◆ **Records for the exercise**:
********
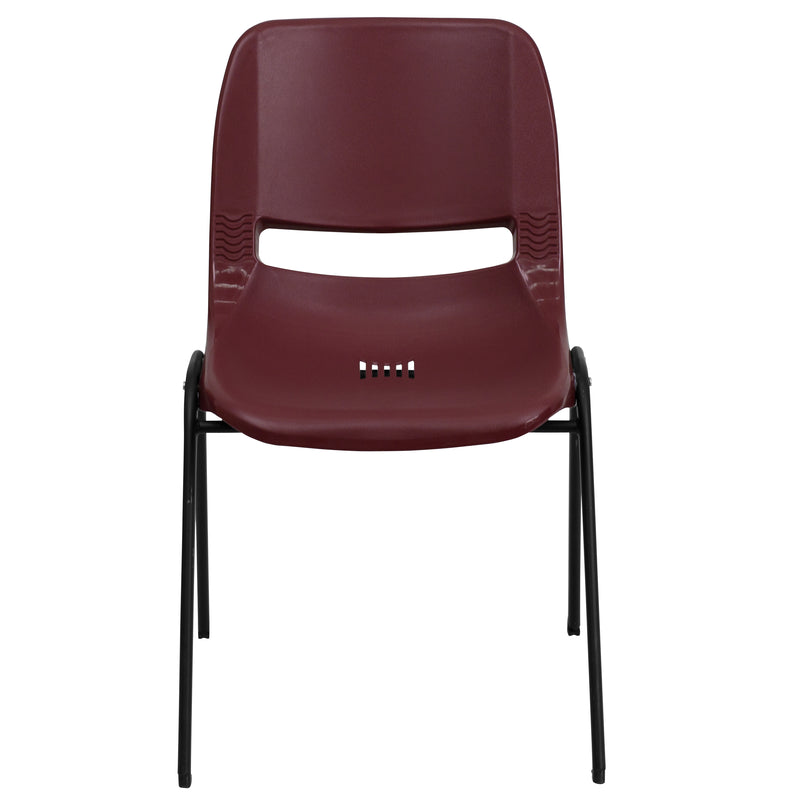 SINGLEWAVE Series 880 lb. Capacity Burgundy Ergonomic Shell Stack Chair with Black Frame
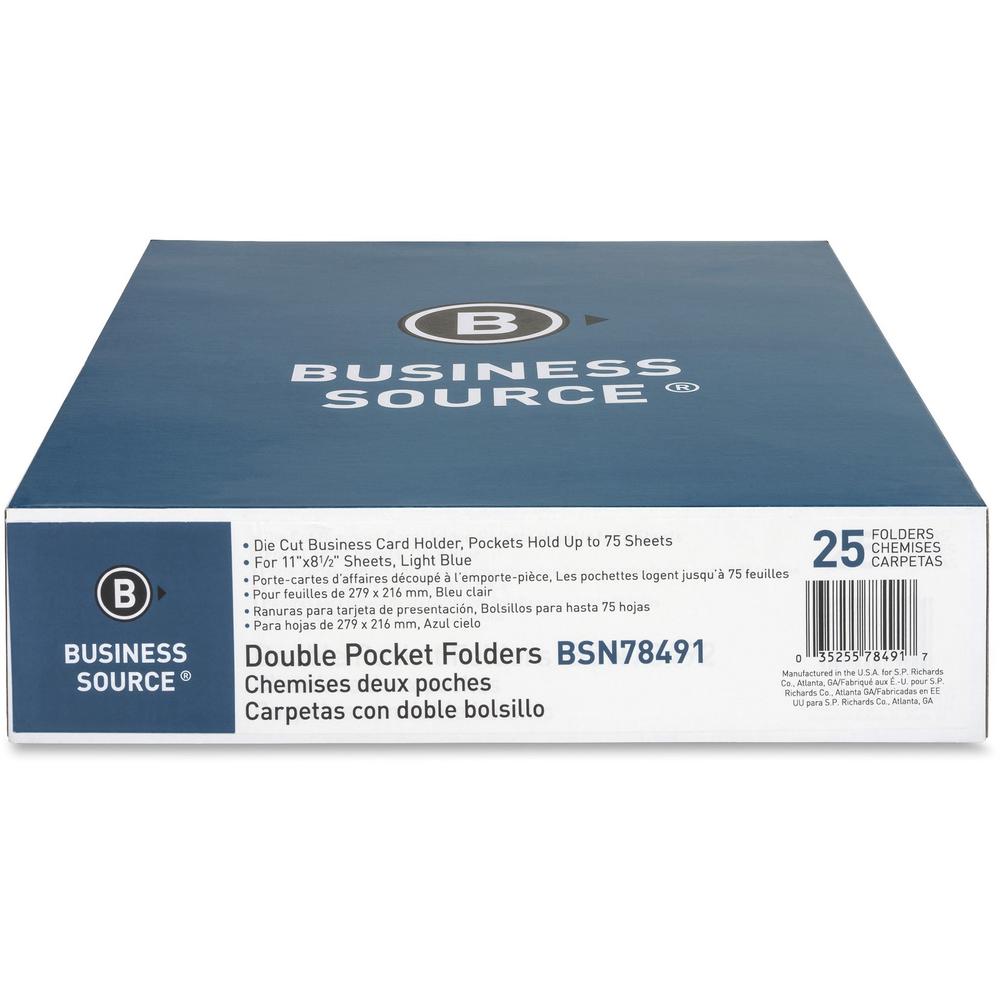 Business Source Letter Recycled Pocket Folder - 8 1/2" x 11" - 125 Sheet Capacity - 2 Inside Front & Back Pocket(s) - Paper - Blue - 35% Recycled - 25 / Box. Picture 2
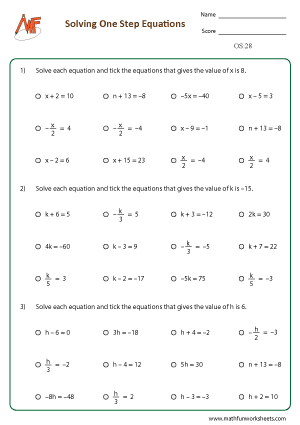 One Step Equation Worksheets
********
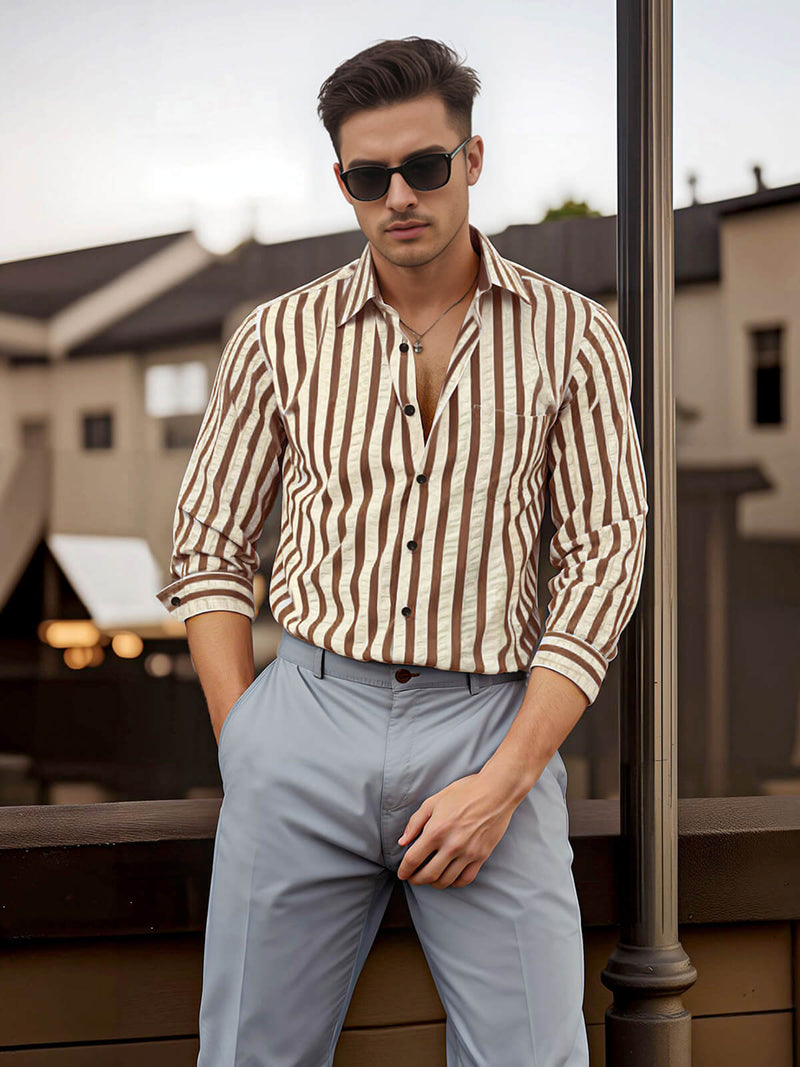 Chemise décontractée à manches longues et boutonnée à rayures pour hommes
********
◆ **Requirement**:
Going by the data above, give back only the lines from the one containing "SINGLEWAVE Series 880" through the one containing "One Step Equation Worksheets", exactly as they stand, both ends included and no images.

◆ **Solution to the exercise**:
 SINGLEWAVE Series 880 lb. Capacity Burgundy Ergonomic Shell Stack Chair with Black Frame
 Business Source Letter Recycled Pocket Folder - 8 1/2" x 11" - 125 Sheet Capacity - 2 Inside Front & Back Pocket(s) - Paper - Blue - 35% Recycled - 25 / Box. Picture 2
 One Step Equation Worksheets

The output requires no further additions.